Carlos Albrizzio, director of one of several voting centers in the opposition-dominated Caracas neighborhood of Altamira, called the elections "a failure," saying as polls closed that only 5 percent of his center's registered voters had participated.

"These people don't trust the system," he said. "They don't want to support it with their vote."

Caracas-based pollster Alfredo Keller says the low turnout raises questions of Chávez's standing. "It isn't clear that Chavez has the power over the people that he says he has," he comments.

The high abstention rate and expected dominance of progovernment parties in the national assembly could also hurt Venezuela's legitimacy in the international community.

"With this vote, it will be easier to say that Chavez is pulling all the strings in Venezuela," says Myles Frechette, international consultant and former political counselor for the US Embassy in Caracas.[Editor's note: The original version misspelled Myles Frechette's name.]

"It's becoming a one-party state and that's problematic," says Prof. Eduardo Gamarra, director of Latin American studies at Florida International University. But Mr. Gamarra also said that low voter turnout did not make an election illegitimate, pointing out that midterm elections in the United States often see high abstention rates as well.

But the government and its supporters claim the opposition parties boycotted the vote because the they knew they would lose.

"They came to the fight and left when they saw that the enemy was bigger," said Chávez supporter and housewife Chrislaine Sael after voting for progovernment deputies.

"The legitimacy of this electoral process is not in question," says Ricardo Gutierrez, progovernment deputy and vice president of the national assembly, noting that congressional elections often see low participation. Almost half of voters didn't cast a ballot the last time congressional elections were held separately from presidential elections in 1998.

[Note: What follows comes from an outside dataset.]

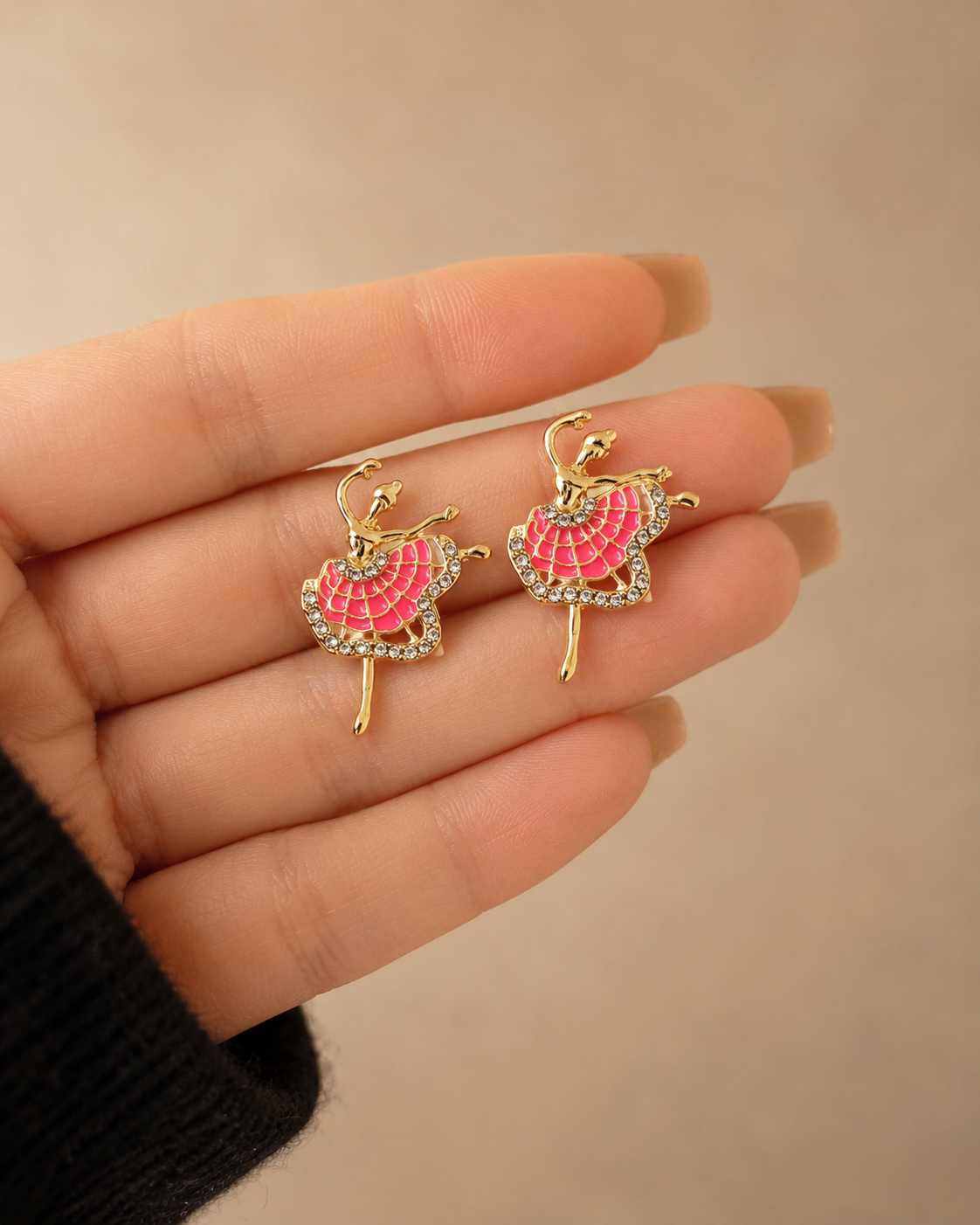 ballerina dancer enamel and rhinestone stud earrings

Opposition parties threatened a boycott if the National Electoral Council (CNE) did not remove digital fingerprint machines from polling stations, charging that they violated voter secrecy. The CNE promised last week to eliminate those machines in the voting process, but the opposition parties pulled out of the race anyway.

Vice President Jose Vicente Rangel condemned the boycott in a press conference on Saturday. Yet he did say that Venezuela could not do without an opposition.

"There are two fundamental elements of a democracy: the government and the opposition," Mr. Rangel said. "One depends on the other."

With one of those elements now missing, however, Chávez's party will now be able to pass new laws at will.

Opposition deputies and some analysts predict that government deputies will call for a national referendum that could allow Chávez to run for a third consecutive term. The president has said he wants to remain in power through at least 2021.

Rangel and Foreign Minister Ali Rodriguez deny that the government plans to propose the term extension, which would require constitutional reform.

Gutierrez said that the legislative body will instead tackle proposed police, health care, and food-security laws.

Gerardo Blyde, who boycotted the election with his opposition party Justice First, said his party opposed the new police law because it would create a large centralized force. Mr. Blyde also predicted that the national assembly would pass a new education law, which he criticized for giving the state the power to decide what type of education children receive.

Milos Alcalay, a former ambassador to the UN from Venezuela, called the election boycott "a great triumph for the opposition" because the parties united to reject the government.

But the opposition will have its own challenges to confront, as the boycotting parties may be forced to collect signatures to regain official recognition.

Opposition parties are expected to seek more popular support and changes in the electoral system leading up to presidential elections next year.

Chavez, who accused the United States of orchestrating the opposition withdrawal, charged that "the hour of death has come" for the boycotting parties.